» What to produce
Make an exact copy of the records, leaving out the images.

[Dataset items]
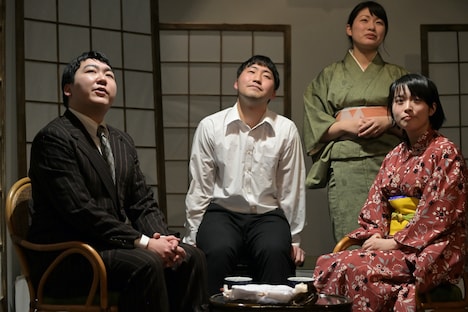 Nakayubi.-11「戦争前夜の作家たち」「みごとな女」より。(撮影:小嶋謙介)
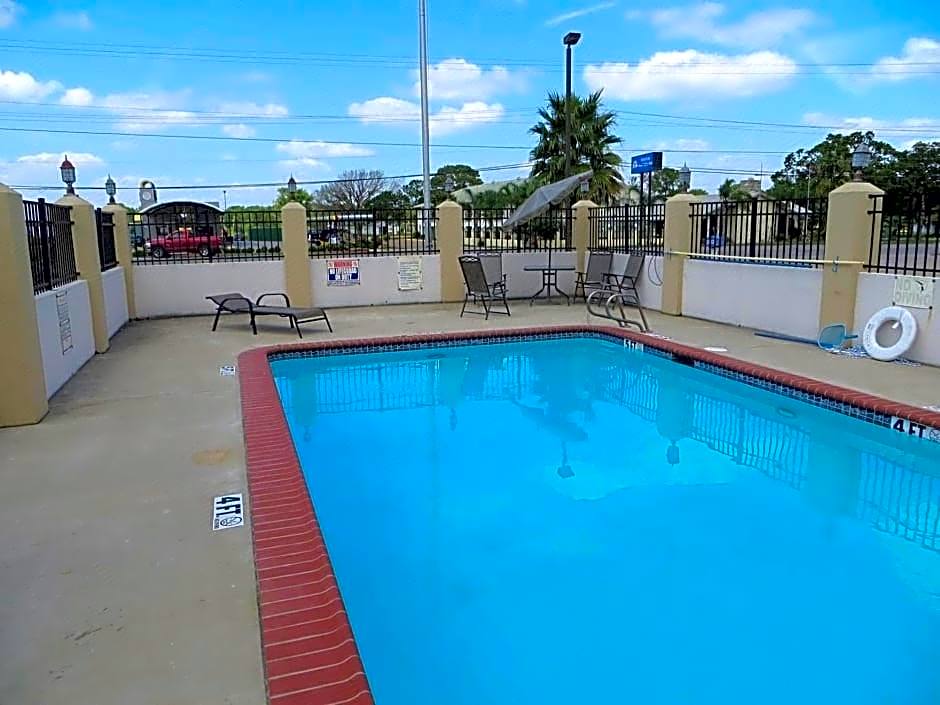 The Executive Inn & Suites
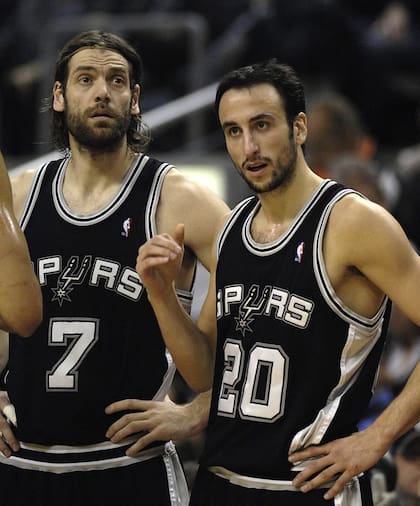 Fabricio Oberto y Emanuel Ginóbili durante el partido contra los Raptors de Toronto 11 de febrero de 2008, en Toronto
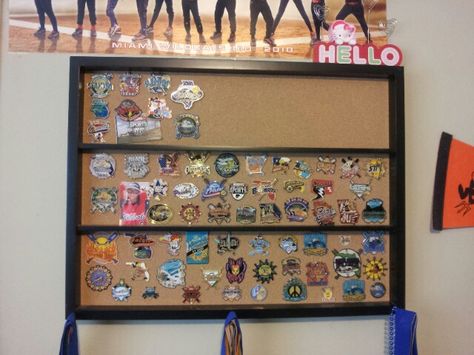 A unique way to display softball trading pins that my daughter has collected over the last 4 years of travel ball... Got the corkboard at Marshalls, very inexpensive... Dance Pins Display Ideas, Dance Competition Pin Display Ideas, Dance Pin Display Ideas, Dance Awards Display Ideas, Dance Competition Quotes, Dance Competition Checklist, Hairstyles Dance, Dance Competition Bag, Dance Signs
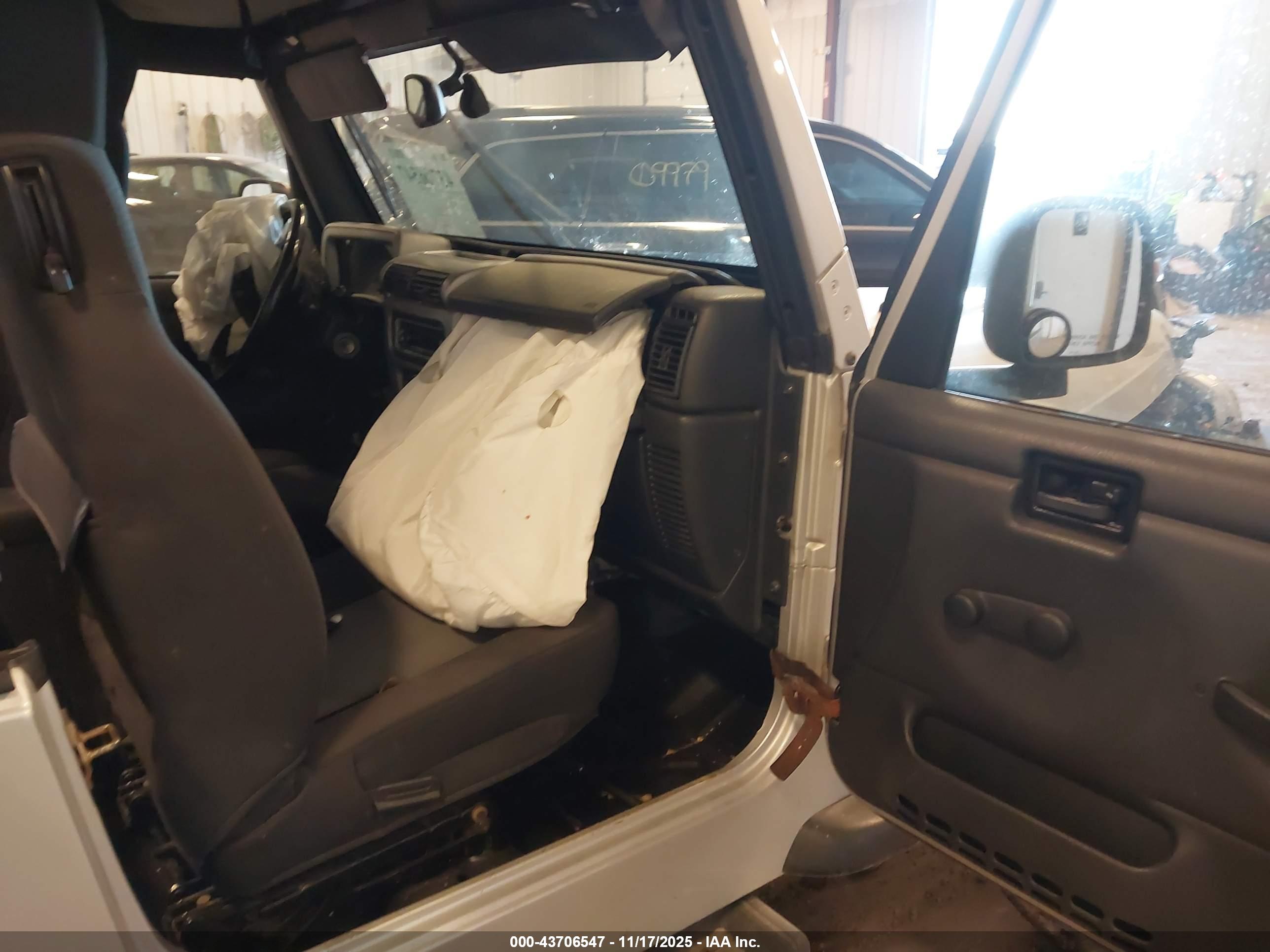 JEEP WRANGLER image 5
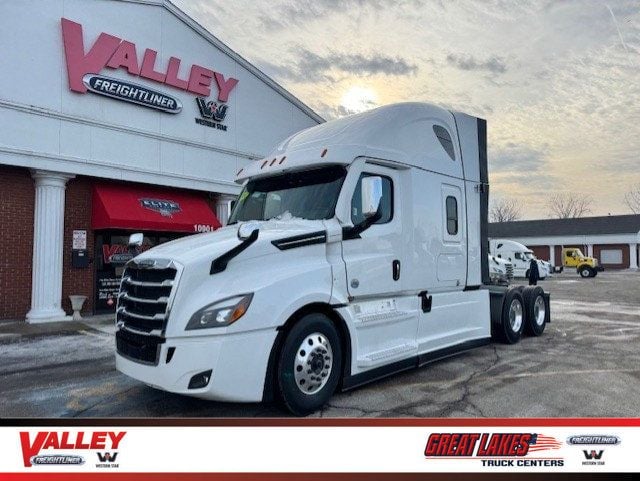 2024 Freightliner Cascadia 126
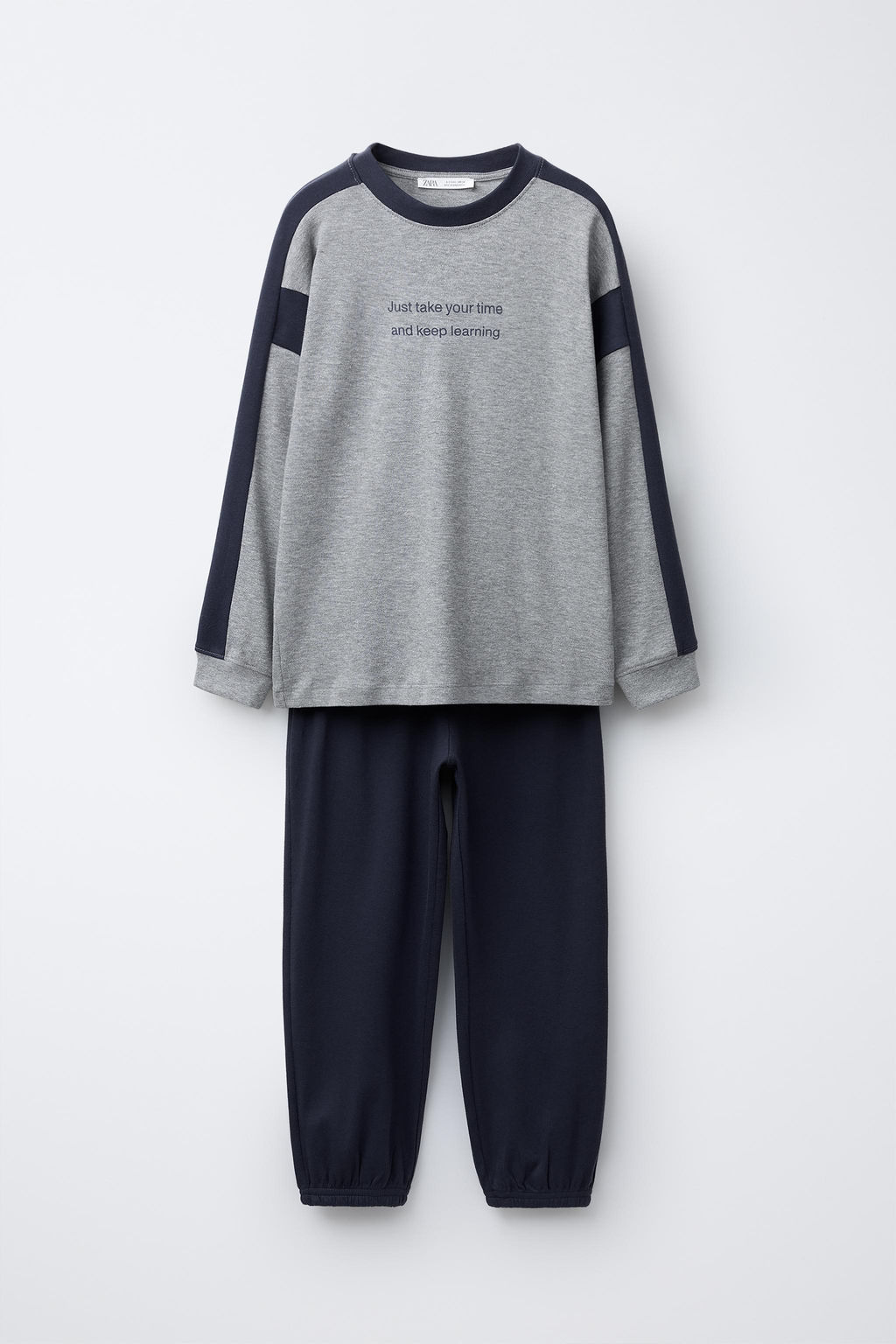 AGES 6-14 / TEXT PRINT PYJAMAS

» Written solution
 Nakayubi.-11「戦争前夜の作家たち」「みごとな女」より。(撮影:小嶋謙介)
 The Executive Inn & Suites
 Fabricio Oberto y Emanuel Ginóbili durante el partido contra los Raptors de Toronto 11 de febrero de 2008, en Toronto
 A unique way to display softball trading pins that my daughter has collected over the last 4 years of travel ball... Got the corkboard at Marshalls, very inexpensive... Dance Pins Display Ideas, Dance Competition Pin Display Ideas, Dance Pin Display Ideas, Dance Awards Display Ideas, Dance Competition Quotes, Dance Competition Checklist, Hairstyles Dance, Dance Competition Bag, Dance Signs
 JEEP WRANGLER image 5
 2024 Freightliner Cascadia 126
 AGES 6-14 / TEXT PRINT PYJAMAS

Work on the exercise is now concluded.